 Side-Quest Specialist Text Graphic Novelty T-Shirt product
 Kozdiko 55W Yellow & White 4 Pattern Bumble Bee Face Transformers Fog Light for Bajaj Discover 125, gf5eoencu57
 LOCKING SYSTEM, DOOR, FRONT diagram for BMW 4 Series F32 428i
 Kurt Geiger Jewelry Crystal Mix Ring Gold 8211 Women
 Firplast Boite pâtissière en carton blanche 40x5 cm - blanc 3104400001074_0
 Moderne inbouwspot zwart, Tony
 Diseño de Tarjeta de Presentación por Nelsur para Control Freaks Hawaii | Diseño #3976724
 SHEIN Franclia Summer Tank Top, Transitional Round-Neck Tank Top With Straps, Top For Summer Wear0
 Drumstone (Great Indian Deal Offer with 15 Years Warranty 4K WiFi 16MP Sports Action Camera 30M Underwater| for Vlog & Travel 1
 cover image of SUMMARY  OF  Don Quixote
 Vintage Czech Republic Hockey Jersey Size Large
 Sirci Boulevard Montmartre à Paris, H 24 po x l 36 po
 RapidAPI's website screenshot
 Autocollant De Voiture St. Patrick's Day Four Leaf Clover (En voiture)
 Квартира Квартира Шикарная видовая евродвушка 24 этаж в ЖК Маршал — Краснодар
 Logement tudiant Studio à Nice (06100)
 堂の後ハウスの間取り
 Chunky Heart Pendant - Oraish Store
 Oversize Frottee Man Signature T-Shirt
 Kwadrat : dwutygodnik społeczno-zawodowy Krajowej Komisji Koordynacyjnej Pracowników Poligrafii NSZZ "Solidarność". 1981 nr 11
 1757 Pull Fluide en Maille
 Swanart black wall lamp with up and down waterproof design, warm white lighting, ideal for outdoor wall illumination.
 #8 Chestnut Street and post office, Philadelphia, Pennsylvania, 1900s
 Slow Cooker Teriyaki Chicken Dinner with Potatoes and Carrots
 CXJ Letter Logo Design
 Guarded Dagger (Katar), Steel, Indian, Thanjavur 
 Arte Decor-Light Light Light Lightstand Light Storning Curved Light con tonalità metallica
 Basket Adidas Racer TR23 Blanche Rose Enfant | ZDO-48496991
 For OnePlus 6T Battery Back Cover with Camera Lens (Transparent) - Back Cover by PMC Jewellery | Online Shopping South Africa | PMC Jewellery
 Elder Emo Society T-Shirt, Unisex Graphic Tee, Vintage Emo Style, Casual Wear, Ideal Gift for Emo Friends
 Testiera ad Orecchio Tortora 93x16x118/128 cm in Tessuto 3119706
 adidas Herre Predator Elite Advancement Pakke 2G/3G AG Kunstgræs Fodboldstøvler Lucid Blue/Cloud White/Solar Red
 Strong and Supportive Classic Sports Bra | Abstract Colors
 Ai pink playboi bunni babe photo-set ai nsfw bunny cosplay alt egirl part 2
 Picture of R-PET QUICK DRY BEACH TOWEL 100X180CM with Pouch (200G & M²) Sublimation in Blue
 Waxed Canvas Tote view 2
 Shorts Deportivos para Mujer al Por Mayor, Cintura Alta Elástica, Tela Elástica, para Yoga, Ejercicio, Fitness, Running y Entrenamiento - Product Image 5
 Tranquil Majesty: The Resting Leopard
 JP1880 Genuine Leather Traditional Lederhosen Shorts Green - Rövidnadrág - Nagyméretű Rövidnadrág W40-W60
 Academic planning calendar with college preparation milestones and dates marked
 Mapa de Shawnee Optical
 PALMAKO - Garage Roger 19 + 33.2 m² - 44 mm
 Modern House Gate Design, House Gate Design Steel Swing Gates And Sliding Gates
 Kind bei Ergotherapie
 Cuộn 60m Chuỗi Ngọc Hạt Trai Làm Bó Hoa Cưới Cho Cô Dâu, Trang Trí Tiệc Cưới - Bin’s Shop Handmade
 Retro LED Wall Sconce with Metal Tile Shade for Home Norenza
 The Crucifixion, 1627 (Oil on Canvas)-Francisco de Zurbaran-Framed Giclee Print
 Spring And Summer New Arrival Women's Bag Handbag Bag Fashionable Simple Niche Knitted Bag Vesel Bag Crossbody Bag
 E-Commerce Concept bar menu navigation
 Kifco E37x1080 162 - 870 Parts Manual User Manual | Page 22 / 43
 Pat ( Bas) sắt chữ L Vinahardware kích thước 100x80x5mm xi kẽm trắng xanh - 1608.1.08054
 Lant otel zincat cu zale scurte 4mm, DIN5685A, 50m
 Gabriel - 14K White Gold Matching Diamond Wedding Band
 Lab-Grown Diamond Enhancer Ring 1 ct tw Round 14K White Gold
▬▬▬▬▬▬
» Goal of the exercise
Your task is to repeat every entry exactly.

» Result
 Side-Quest Specialist Text Graphic Novelty T-Shirt product
 Kozdiko 55W Yellow & White 4 Pattern Bumble Bee Face Transformers Fog Light for Bajaj Discover 125, gf5eoencu57
 LOCKING SYSTEM, DOOR, FRONT diagram for BMW 4 Series F32 428i
 Kurt Geiger Jewelry Crystal Mix Ring Gold 8211 Women
 Firplast Boite pâtissière en carton blanche 40x5 cm - blanc 3104400001074_0
 Moderne inbouwspot zwart, Tony
 Diseño de Tarjeta de Presentación por Nelsur para Control Freaks Hawaii | Diseño #3976724
 SHEIN Franclia Summer Tank Top, Transitional Round-Neck Tank Top With Straps, Top For Summer Wear0
 Drumstone (Great Indian Deal Offer with 15 Years Warranty 4K WiFi 16MP Sports Action Camera 30M Underwater| for Vlog & Travel 1
 cover image of SUMMARY  OF  Don Quixote
 Vintage Czech Republic Hockey Jersey Size Large
 Sirci Boulevard Montmartre à Paris, H 24 po x l 36 po
 RapidAPI's website screenshot
 Autocollant De Voiture St. Patrick's Day Four Leaf Clover (En voiture)
 Квартира Квартира Шикарная видовая евродвушка 24 этаж в ЖК Маршал — Краснодар
 Logement tudiant Studio à Nice (06100)
 堂の後ハウスの間取り
 Chunky Heart Pendant - Oraish Store
 Oversize Frottee Man Signature T-Shirt
 Kwadrat : dwutygodnik społeczno-zawodowy Krajowej Komisji Koordynacyjnej Pracowników Poligrafii NSZZ "Solidarność". 1981 nr 11
 1757 Pull Fluide en Maille
 Swanart black wall lamp with up and down waterproof design, warm white lighting, ideal for outdoor wall illumination.
 #8 Chestnut Street and post office, Philadelphia, Pennsylvania, 1900s
 Slow Cooker Teriyaki Chicken Dinner with Potatoes and Carrots
 CXJ Letter Logo Design
 Guarded Dagger (Katar), Steel, Indian, Thanjavur 
 Arte Decor-Light Light Light Lightstand Light Storning Curved Light con tonalità metallica
 Basket Adidas Racer TR23 Blanche Rose Enfant | ZDO-48496991
 For OnePlus 6T Battery Back Cover with Camera Lens (Transparent) - Back Cover by PMC Jewellery | Online Shopping South Africa | PMC Jewellery
 Elder Emo Society T-Shirt, Unisex Graphic Tee, Vintage Emo Style, Casual Wear, Ideal Gift for Emo Friends
 Testiera ad Orecchio Tortora 93x16x118/128 cm in Tessuto 3119706
 adidas Herre Predator Elite Advancement Pakke 2G/3G AG Kunstgræs Fodboldstøvler Lucid Blue/Cloud White/Solar Red
 Strong and Supportive Classic Sports Bra | Abstract Colors
 Ai pink playboi bunni babe photo-set ai nsfw bunny cosplay alt egirl part 2
 Picture of R-PET QUICK DRY BEACH TOWEL 100X180CM with Pouch (200G & M²) Sublimation in Blue
 Waxed Canvas Tote view 2
 Shorts Deportivos para Mujer al Por Mayor, Cintura Alta Elástica, Tela Elástica, para Yoga, Ejercicio, Fitness, Running y Entrenamiento - Product Image 5
 Tranquil Majesty: The Resting Leopard
 JP1880 Genuine Leather Traditional Lederhosen Shorts Green - Rövidnadrág - Nagyméretű Rövidnadrág W40-W60
 Academic planning calendar with college preparation milestones and dates marked
 Mapa de Shawnee Optical
 PALMAKO - Garage Roger 19 + 33.2 m² - 44 mm
 Modern House Gate Design, House Gate Design Steel Swing Gates And Sliding Gates
 Kind bei Ergotherapie
 Cuộn 60m Chuỗi Ngọc Hạt Trai Làm Bó Hoa Cưới Cho Cô Dâu, Trang Trí Tiệc Cưới - Bin’s Shop Handmade
 Retro LED Wall Sconce with Metal Tile Shade for Home Norenza
 The Crucifixion, 1627 (Oil on Canvas)-Francisco de Zurbaran-Framed Giclee Print
 Spring And Summer New Arrival Women's Bag Handbag Bag Fashionable Simple Niche Knitted Bag Vesel Bag Crossbody Bag
 E-Commerce Concept bar menu navigation
 Kifco E37x1080 162 - 870 Parts Manual User Manual | Page 22 / 43
 Pat ( Bas) sắt chữ L Vinahardware kích thước 100x80x5mm xi kẽm trắng xanh - 1608.1.08054
 Lant otel zincat cu zale scurte 4mm, DIN5685A, 50m
 Gabriel - 14K White Gold Matching Diamond Wedding Band
 Lab-Grown Diamond Enhancer Ring 1 ct tw Round 14K White Gold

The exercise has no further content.